Mortgage demand plummeted in mid March after a sharp increase in rates and inflation, the Mortage Brokers Association (MBA) reported.
The average rate for the 30-year fixed-rate mortgage surged to 4.27% from 4.09%, the highest since May 2019, the MBA announced Wednesday. Applications to refinance homes fell by 3% for the week, and they were down over 49% compared to the same week in March 2021.
Mortgage applications to buy a home increased 1% for the week, and they were 8% lower than the same week one year prior, the MBA reported. (RELATED: Americans’ Spending Slows Dramatically Amid Surging Inflation And Gas Prices)

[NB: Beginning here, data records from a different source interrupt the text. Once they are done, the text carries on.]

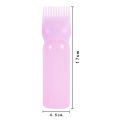 Barber Dyeing Bottle Shampoo Oil Applicator Brush Scalp Treament Applicator Bottle Salon Home DIY Hair Coloring Styling Tools. 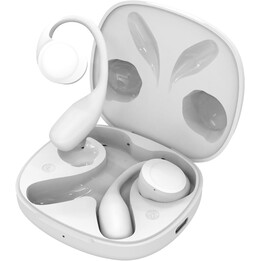 Auriculares Deportivos Bluetooth SPC Ether 2 Sense con estuche de carga/ Autonomía 8h/ Blancos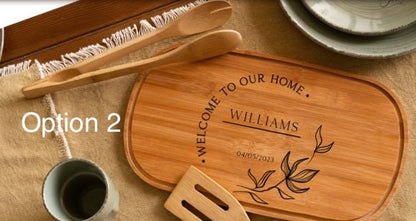 Personalized bamboo cutting board
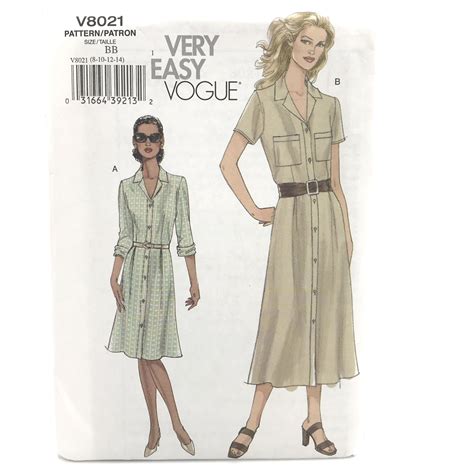 Vogue Misses Shirtwaist Dress Size Uncut Sewing Pattern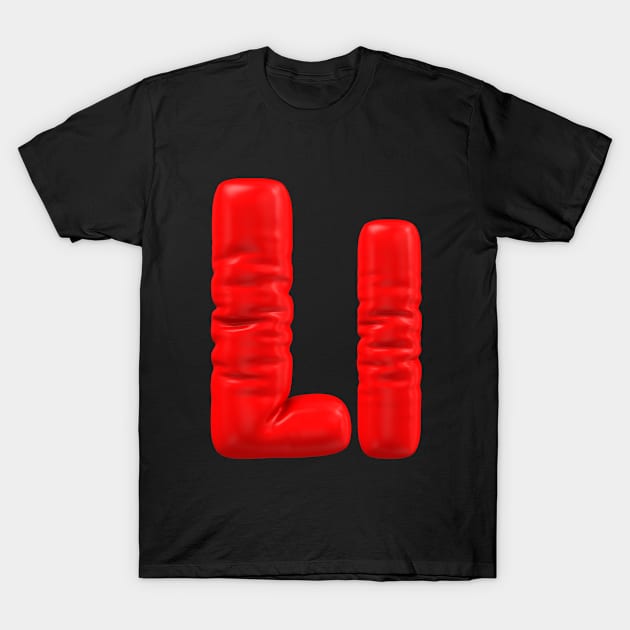 Capital & Simple "L" Letter My Favorite T-Shirt by KNJ Store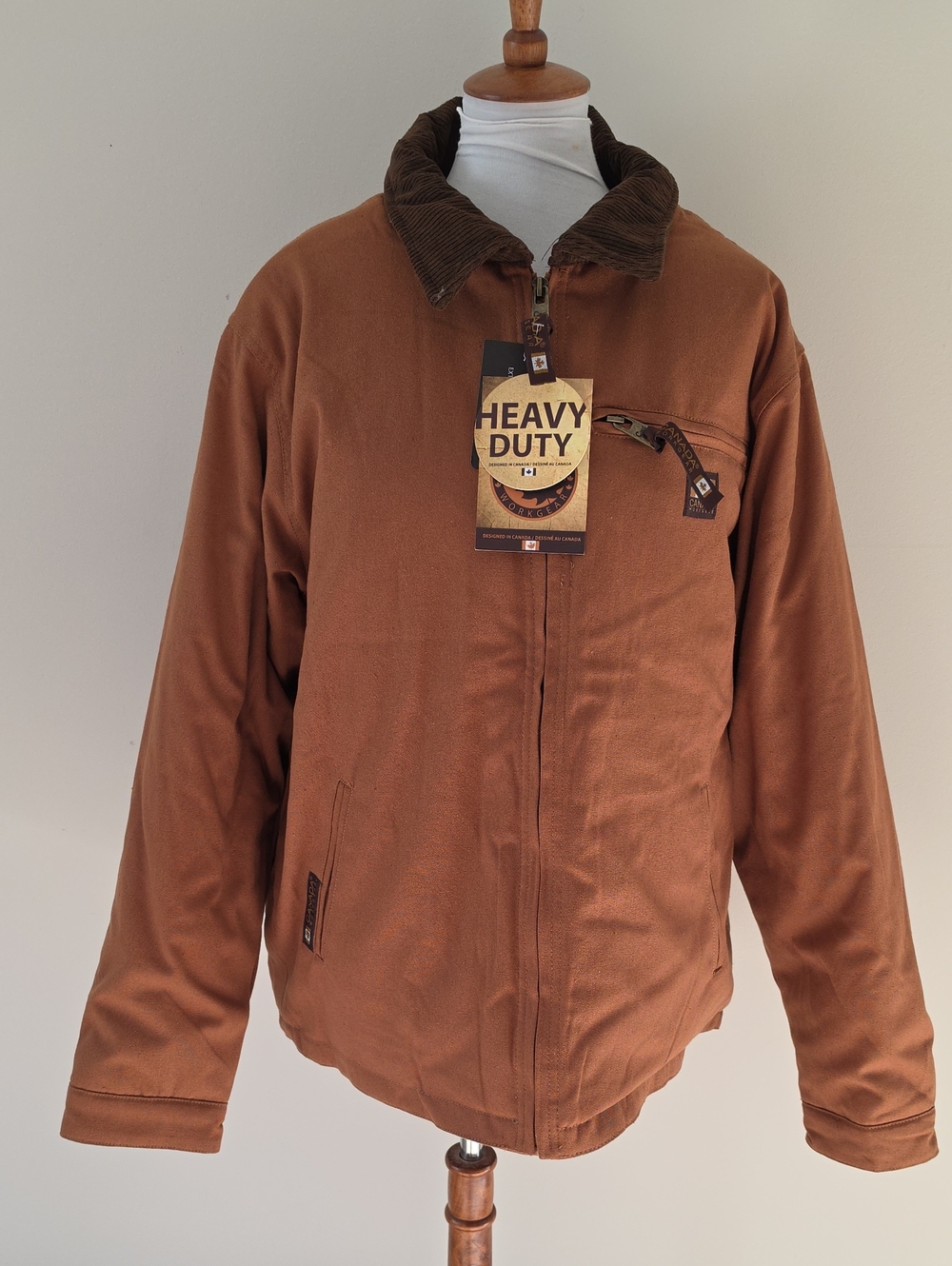 Canada WorkGear  Men's Brown Heavy Duty  Jacket Brand New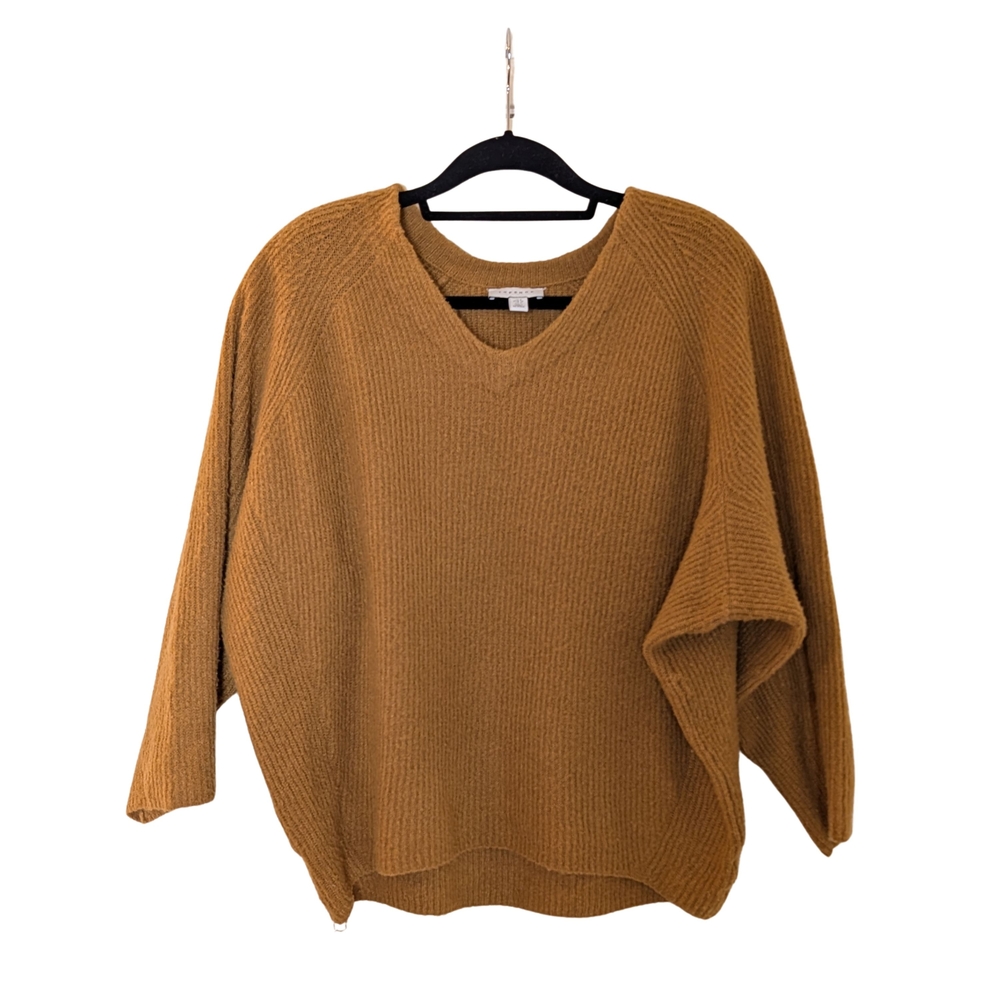 Topshop V-Neck Sweater - Brown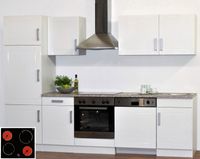 Küchenzeile hochglanz weiss m E-Geräten Italia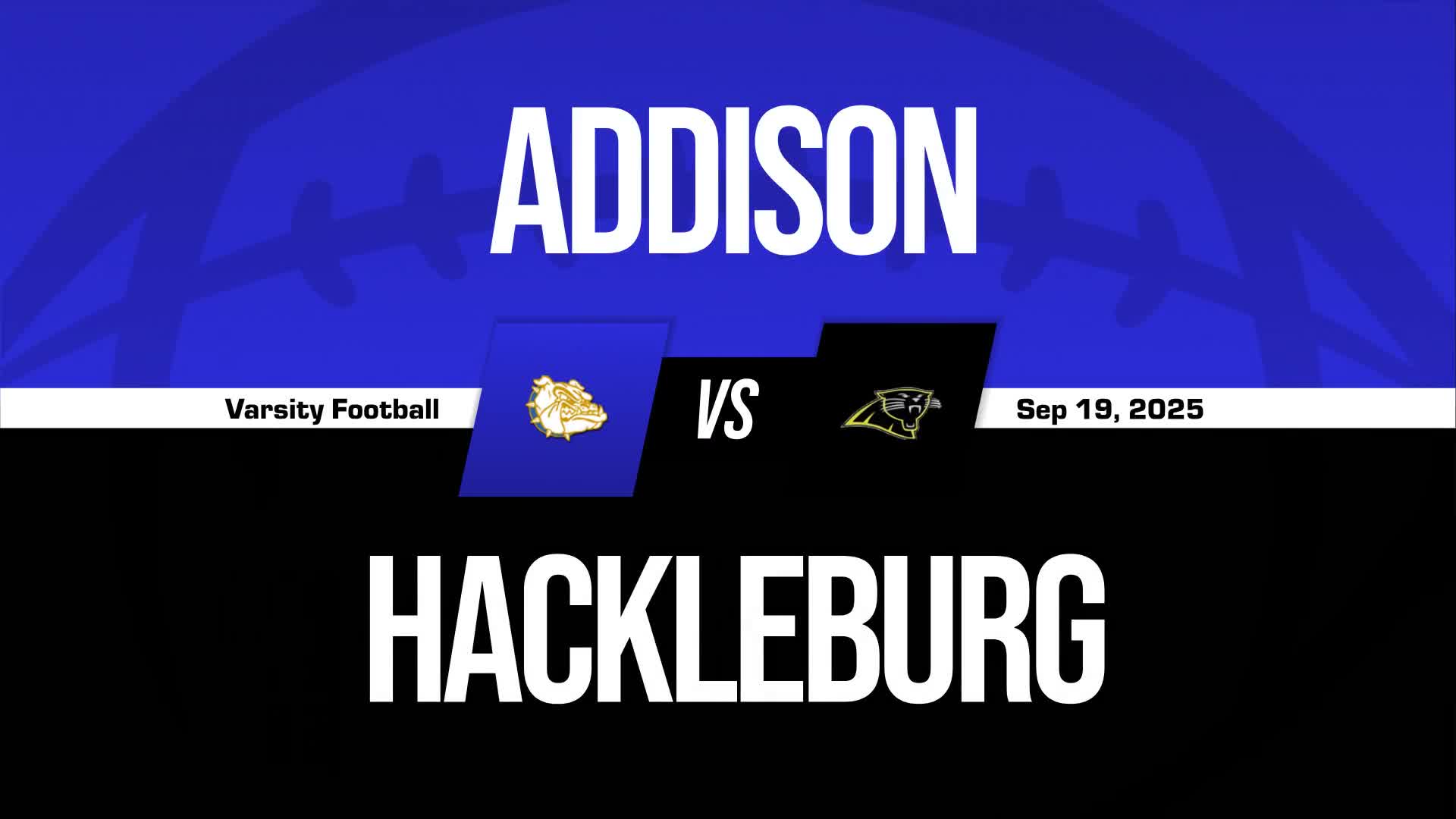 Football Recap: Addison Skates Past Waterloo with Ease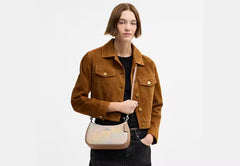 COAC* - Teri Shoulder Bag In Rainbow Signature Canvas
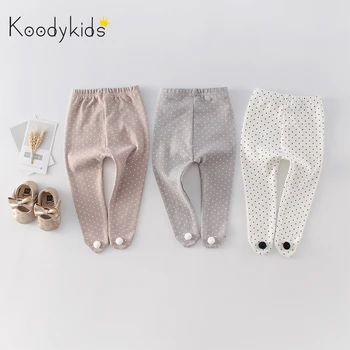 

Koodykids 2020 Baby Pants Spring Tights Autumn Baby Legging Dot Shaped Fashion Baby Girl Boy Leggings Socks Feet Pants Spring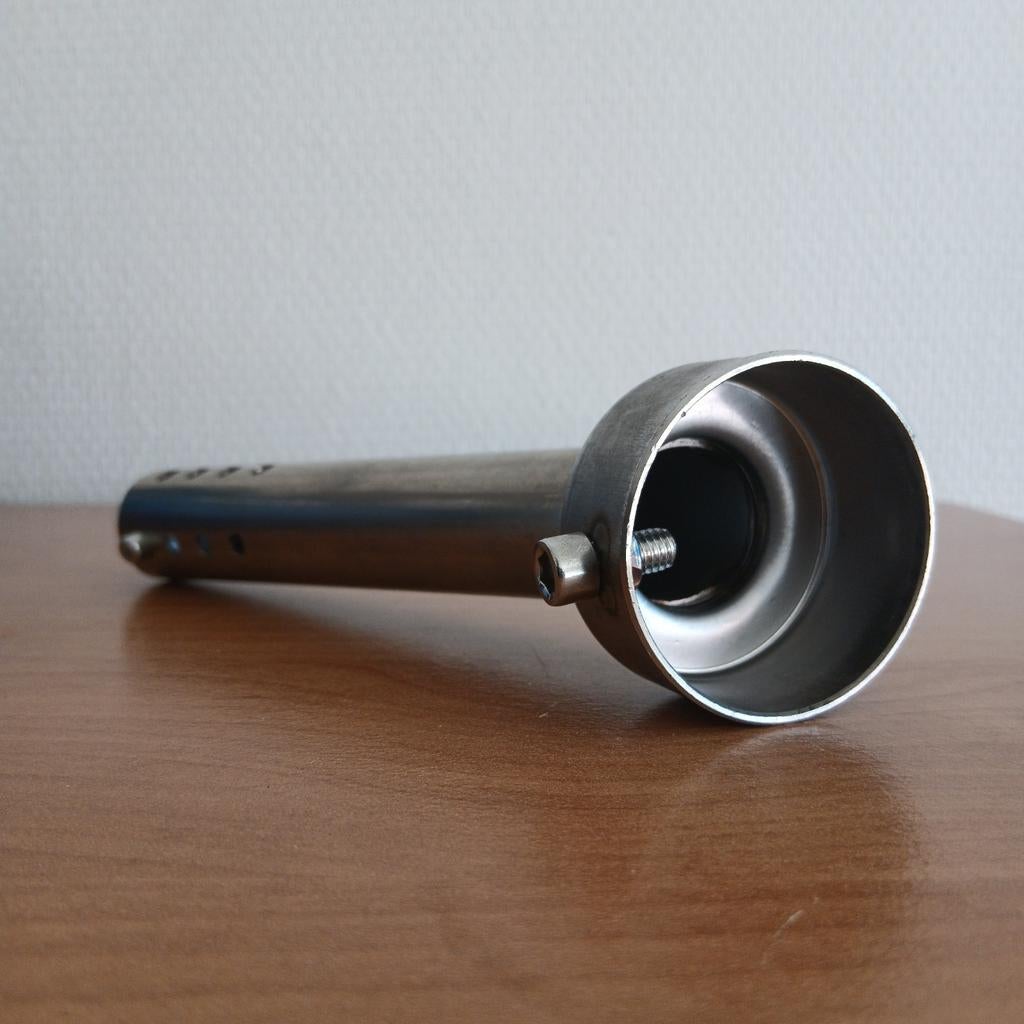 Universele rvs db - killer met hoek diameter +- 48 mm, Ophalen of Verzenden, Nieuw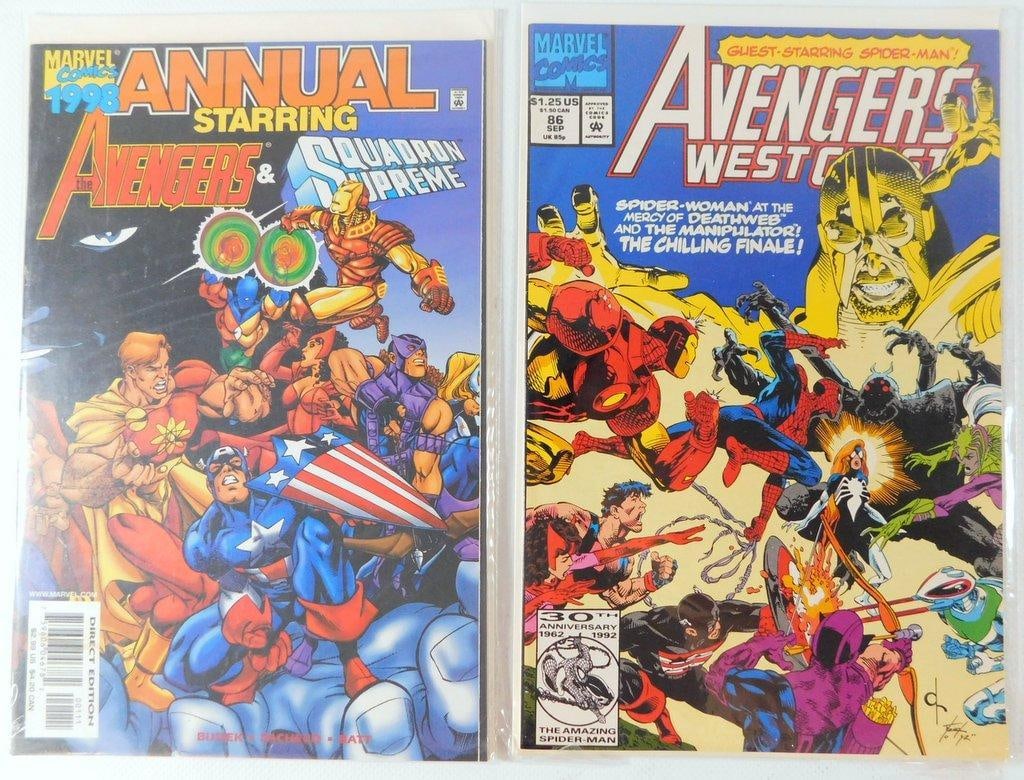 (Lot of 10) Marvel Avengers Featuring Various Series (1984-2016) - 8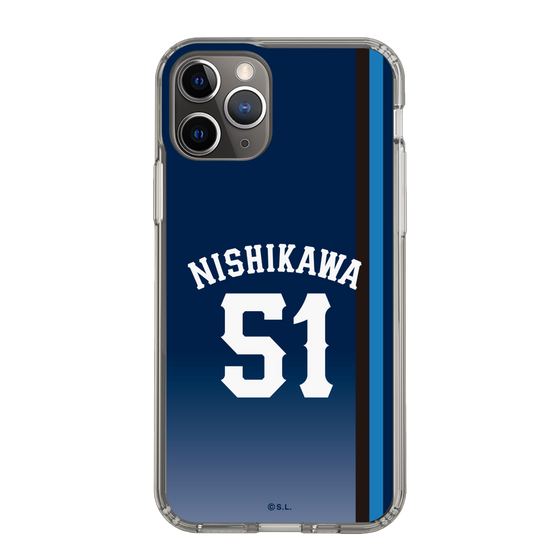スリムプロテクションケース［ 埼玉西武ライオンズ- #51 NISHIKAWA - ビジター ］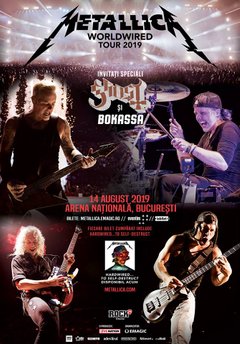 Concert Metallica la Arena Nationala din Bucuresti (2019)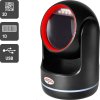 Scanner VIRTUOS HT-861A, CCD 2D, stacionárny, USB, čierny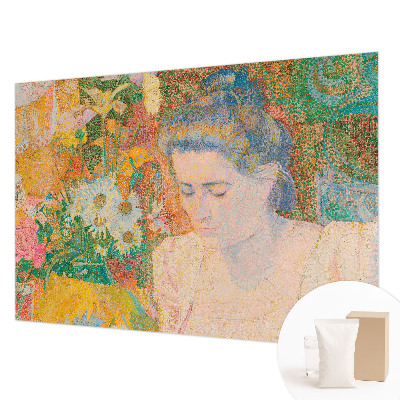 Dekorativní fototapeta na zeď Květinový portrét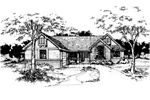 Contemporary House Plan Front of Home - Annabelle Traditional Home 072D-0373 - Search House Plans and More
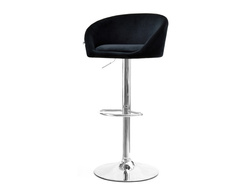 Hocker kromade ben svart velour HOCKER Velour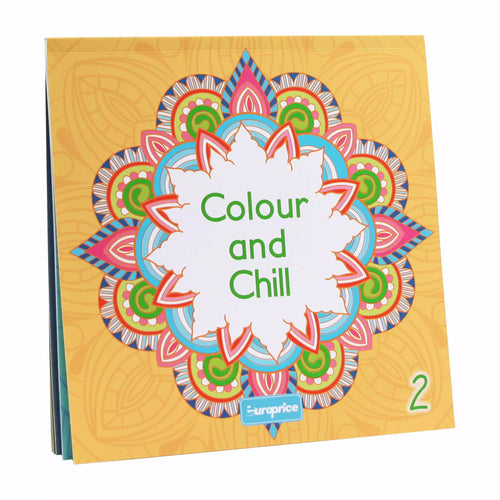  Colour and Chill 2 Adult Mandala Colouring Book for Relaxation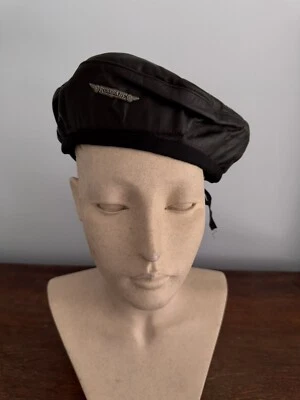 NOVO Renegade Headwear Boina Forrada de Couro PRETO 23" Fita Ajustável M-G - Imagem 1 de 4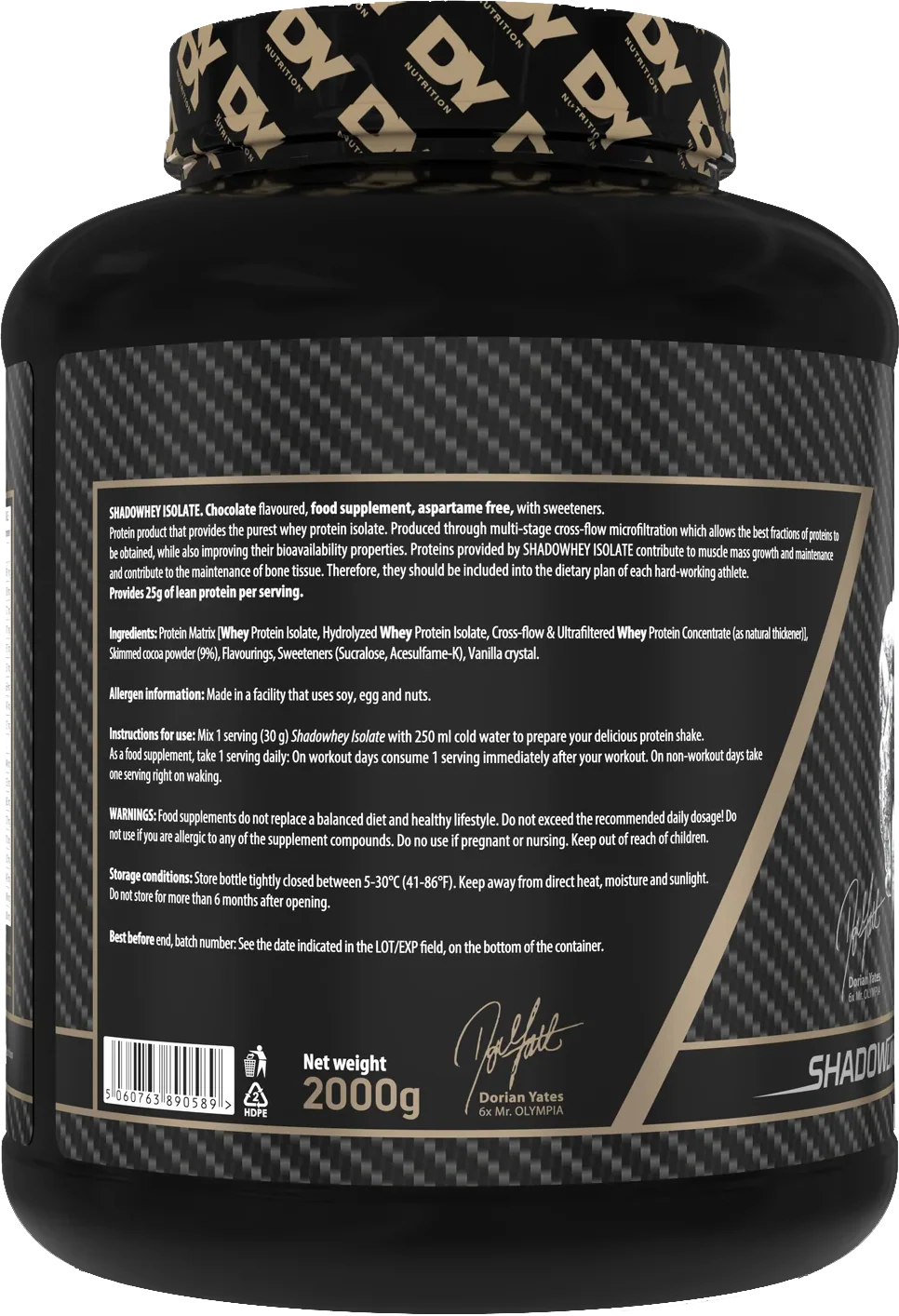 DY Nutrition Shadowhey Isolate Vanille (2000 g) - Image 3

Mortgage demand falls as interest rates surge to multiyear highs https://t.co/Ha7R1AMisO
— CNBC (@CNBC) March 16, 2022
“Mortgage rates continue to be volatile due to the significant uncertainty regarding Federal Reserve policy and the situation in Ukraine,” Joel Kan, vice president of economic and industrial forecasting at the MBA, said in the press release.
“Investors are weighing the impacts of rapidly increasing inflation in the U.S. and many other parts of the world against the potential for a slowdown in economic growth due to a renewed bout of supply-chain constraints,” Kan said.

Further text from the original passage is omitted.